Data excerpt.
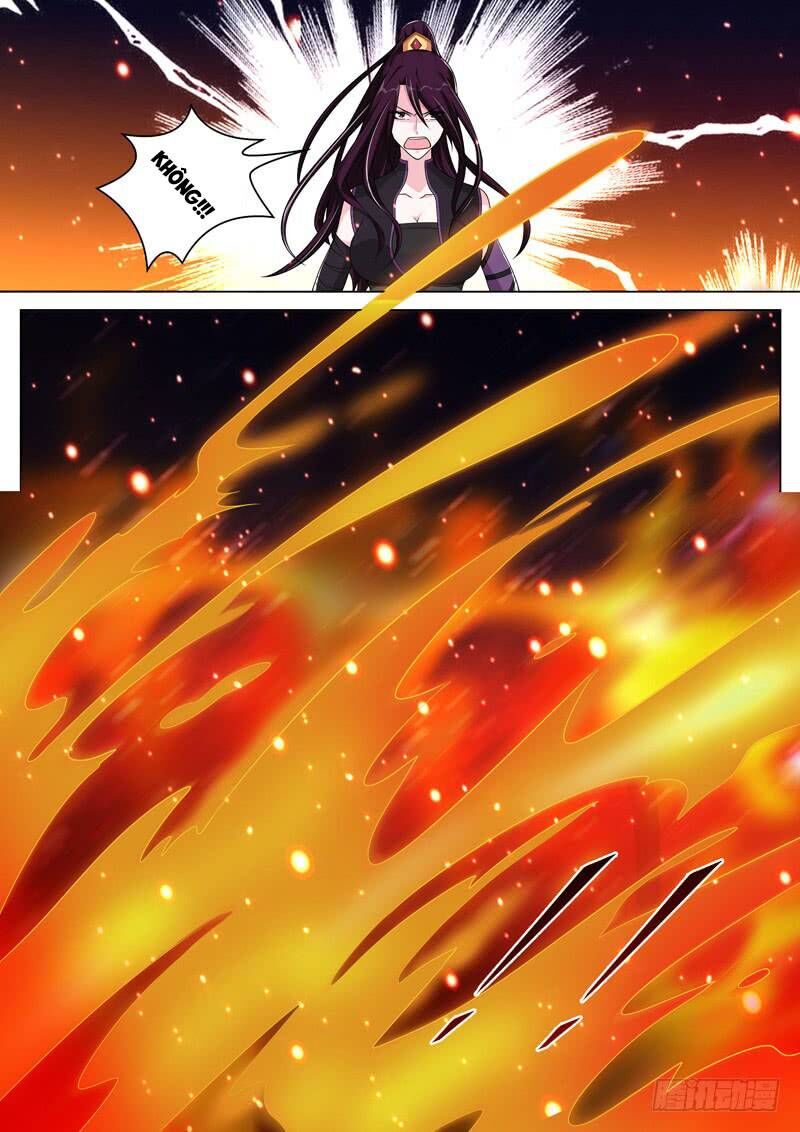 Long Vương Giác Tỉnh Chapter 48 - Trang 2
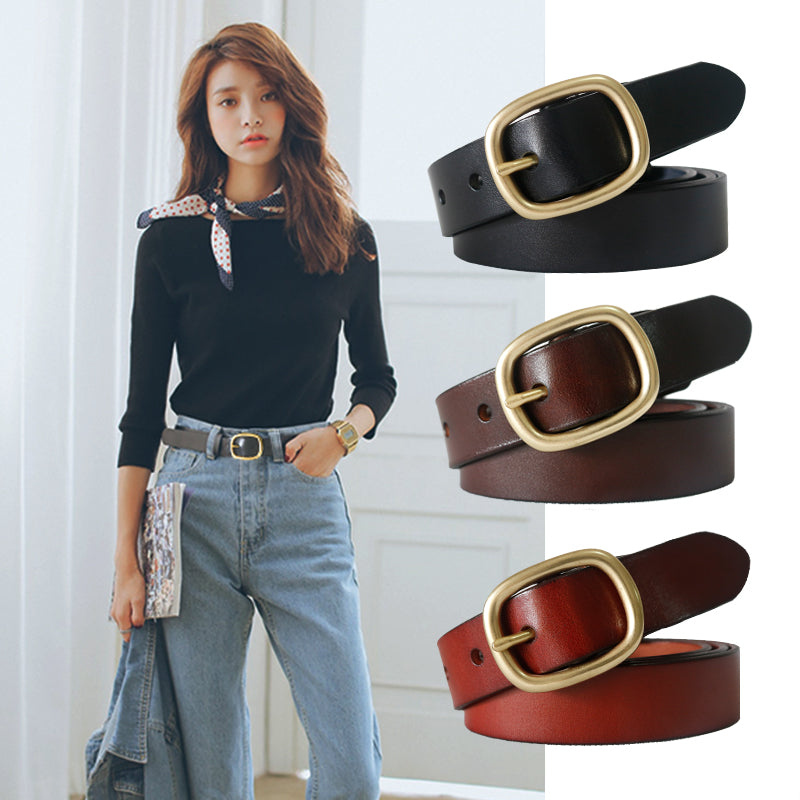 Lotte | Eenvoudige chique riem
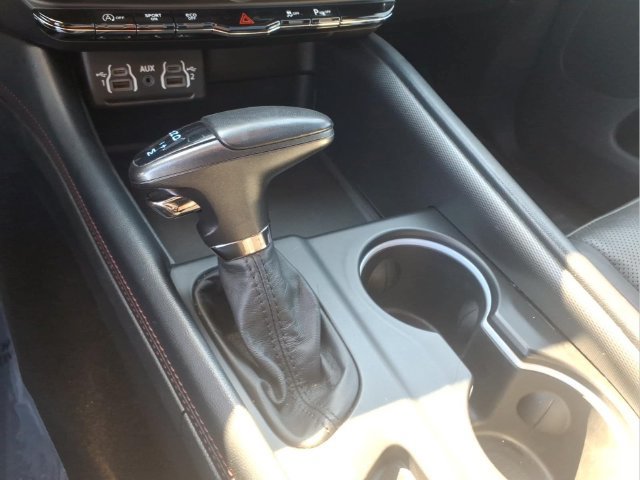 Used 2024 Dodge Durango GT AWD/4WD image 18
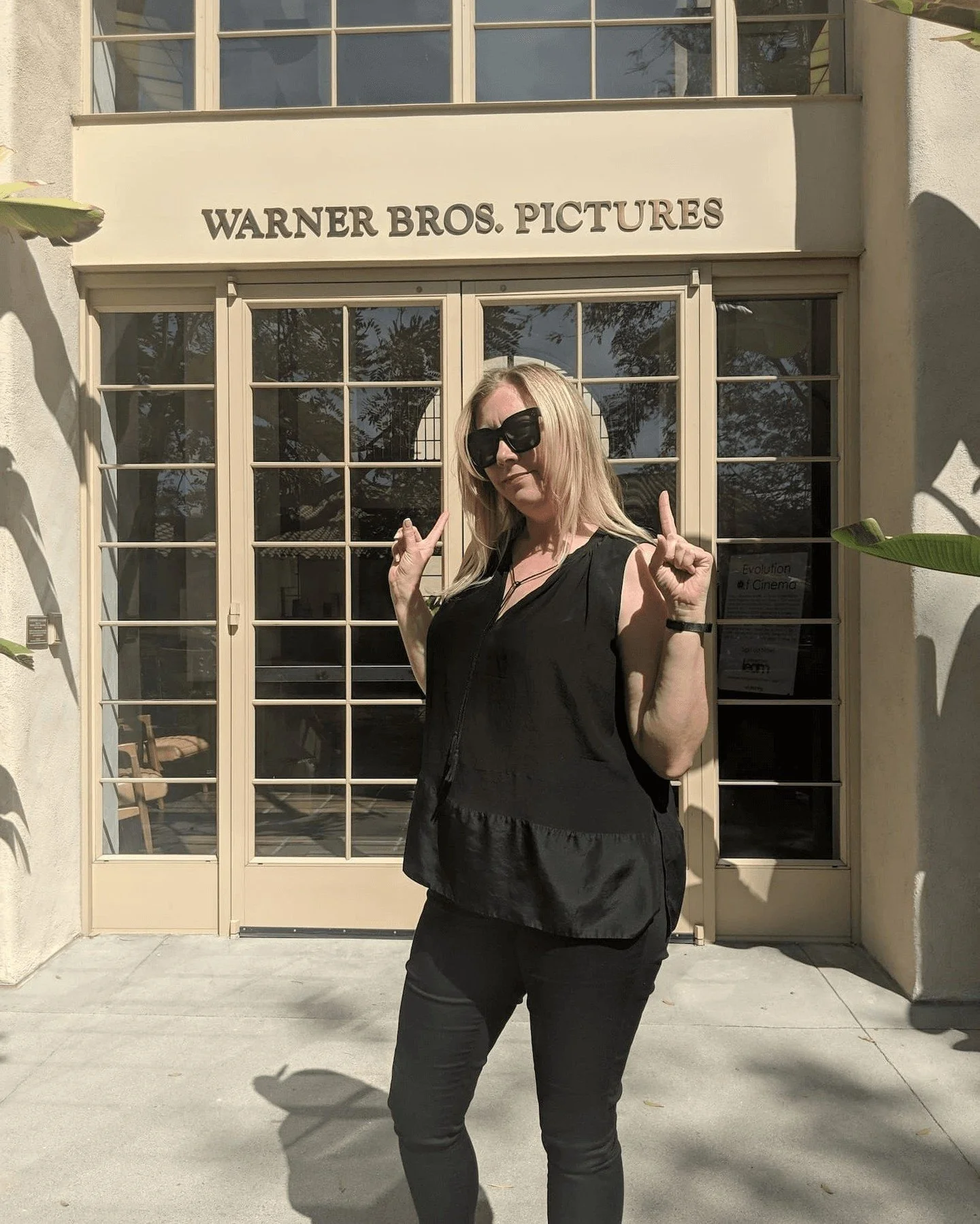 Great, you landed a general meeting! But now what?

Prompt. The pictures in the listing above are to be dropped, and everything else reproduced exactly.

Result of the task.
 Long Vương Giác Tỉnh Chapter 48 - Trang 2
 Lotte | Eenvoudige chique riem
 Used 2024 Dodge Durango GT AWD/4WD image 18
 Great, you landed a general meeting! But now what?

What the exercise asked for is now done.